REQUIRED WORK -> Once you reach the line containing "Horse Color:Silver Bay Splash" in the data below, restate each line word for word up to and including the one containing "オス株 木質化 ラギット マウンテン オベサ / ユーフォルビア".

DATA RECORDS ->
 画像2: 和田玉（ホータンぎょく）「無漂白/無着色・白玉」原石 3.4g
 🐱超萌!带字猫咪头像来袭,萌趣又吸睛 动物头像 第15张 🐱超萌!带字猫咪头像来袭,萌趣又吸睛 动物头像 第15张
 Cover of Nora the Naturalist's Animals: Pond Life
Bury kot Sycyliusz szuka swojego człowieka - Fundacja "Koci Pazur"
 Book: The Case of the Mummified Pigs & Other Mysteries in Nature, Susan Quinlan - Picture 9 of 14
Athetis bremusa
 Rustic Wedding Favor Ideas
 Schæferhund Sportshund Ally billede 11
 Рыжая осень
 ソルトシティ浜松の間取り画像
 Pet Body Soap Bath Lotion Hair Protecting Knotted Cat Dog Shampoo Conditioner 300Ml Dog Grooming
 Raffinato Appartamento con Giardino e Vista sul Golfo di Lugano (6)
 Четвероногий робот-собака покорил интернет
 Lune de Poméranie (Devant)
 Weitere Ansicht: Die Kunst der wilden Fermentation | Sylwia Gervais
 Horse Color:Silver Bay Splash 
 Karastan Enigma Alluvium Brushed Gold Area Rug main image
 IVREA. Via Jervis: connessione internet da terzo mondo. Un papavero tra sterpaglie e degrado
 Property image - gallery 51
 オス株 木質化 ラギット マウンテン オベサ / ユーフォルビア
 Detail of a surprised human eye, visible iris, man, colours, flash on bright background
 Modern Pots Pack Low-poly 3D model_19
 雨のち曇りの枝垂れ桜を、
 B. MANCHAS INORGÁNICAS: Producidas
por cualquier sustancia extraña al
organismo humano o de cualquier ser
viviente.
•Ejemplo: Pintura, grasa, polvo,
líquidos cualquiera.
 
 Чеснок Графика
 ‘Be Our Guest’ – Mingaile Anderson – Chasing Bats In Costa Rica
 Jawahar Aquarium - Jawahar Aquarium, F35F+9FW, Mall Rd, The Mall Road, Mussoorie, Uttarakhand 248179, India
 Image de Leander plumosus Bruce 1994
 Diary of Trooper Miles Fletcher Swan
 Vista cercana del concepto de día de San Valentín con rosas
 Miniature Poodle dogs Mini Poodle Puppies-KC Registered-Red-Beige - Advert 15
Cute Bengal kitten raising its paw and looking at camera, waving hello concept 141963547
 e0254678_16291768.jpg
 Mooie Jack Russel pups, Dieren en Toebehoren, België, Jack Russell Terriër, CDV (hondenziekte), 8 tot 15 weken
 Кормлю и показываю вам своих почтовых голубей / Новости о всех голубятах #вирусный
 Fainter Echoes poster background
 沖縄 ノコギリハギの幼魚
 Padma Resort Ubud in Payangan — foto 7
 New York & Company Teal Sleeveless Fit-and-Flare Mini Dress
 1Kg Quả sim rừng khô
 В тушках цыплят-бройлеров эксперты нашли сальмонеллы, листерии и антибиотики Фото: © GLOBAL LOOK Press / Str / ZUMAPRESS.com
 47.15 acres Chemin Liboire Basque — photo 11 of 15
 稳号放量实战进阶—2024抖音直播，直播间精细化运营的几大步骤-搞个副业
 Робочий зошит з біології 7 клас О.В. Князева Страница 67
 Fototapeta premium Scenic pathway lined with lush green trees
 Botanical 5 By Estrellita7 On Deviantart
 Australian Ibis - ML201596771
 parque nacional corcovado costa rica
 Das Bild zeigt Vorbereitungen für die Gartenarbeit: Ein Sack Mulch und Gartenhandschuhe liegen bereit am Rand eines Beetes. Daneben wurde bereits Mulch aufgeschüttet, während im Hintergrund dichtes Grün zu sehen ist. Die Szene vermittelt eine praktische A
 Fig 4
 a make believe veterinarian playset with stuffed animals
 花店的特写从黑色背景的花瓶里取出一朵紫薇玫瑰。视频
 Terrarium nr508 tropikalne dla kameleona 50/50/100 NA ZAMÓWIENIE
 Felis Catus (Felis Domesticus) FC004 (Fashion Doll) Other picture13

REPLY TO THE TASK ->
 Horse Color:Silver Bay Splash 
 Karastan Enigma Alluvium Brushed Gold Area Rug main image
 IVREA. Via Jervis: connessione internet da terzo mondo. Un papavero tra sterpaglie e degrado
 Property image - gallery 51
 オス株 木質化 ラギット マウンテン オベサ / ユーフォルビア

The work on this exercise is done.